■ Work request ■
Please restate each line of the data below exactly. Omit all images.

■ Recorded information ■

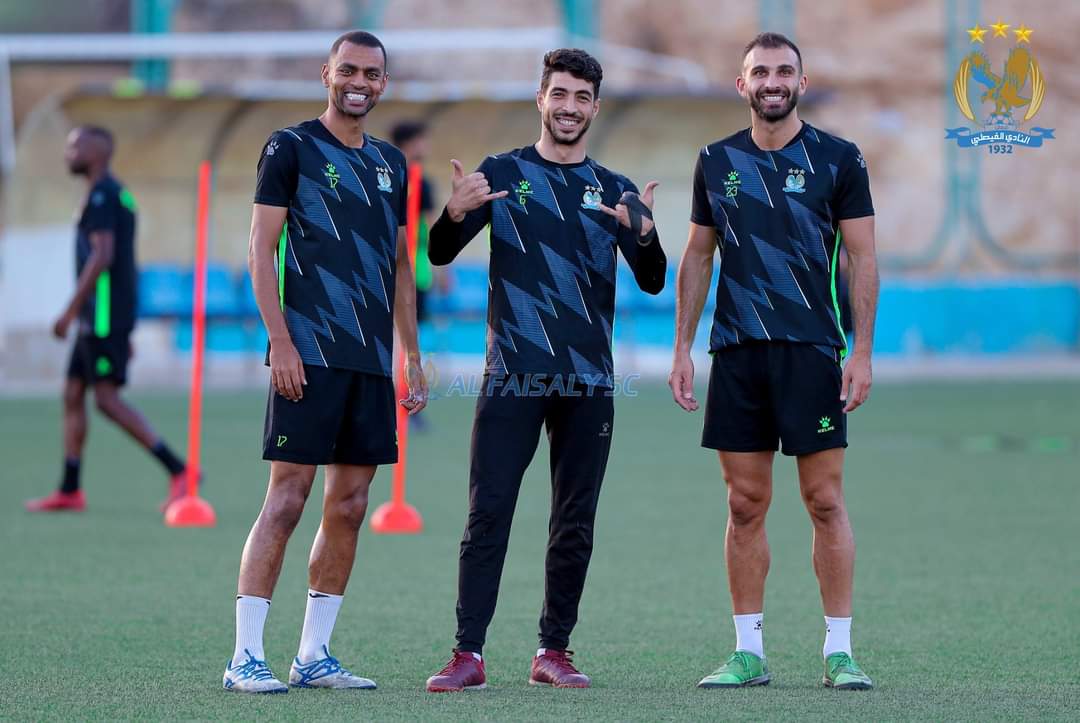 ALFAISALYSCJO's tweet photo. 📸 قوة..جدية..تحدي 💪

فريقنا يستأنف تدريباته إستعداداً لبطولة الدوري.

#الفيصلي 🦅 https://t.co/FhFUdwdCxu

■ Answer section ■
 ALFAISALYSCJO's tweet photo. 📸 قوة..جدية..تحدي 💪

فريقنا يستأنف تدريباته إستعداداً لبطولة الدوري.

#الفيصلي 🦅 https://t.co/FhFUdwdCxu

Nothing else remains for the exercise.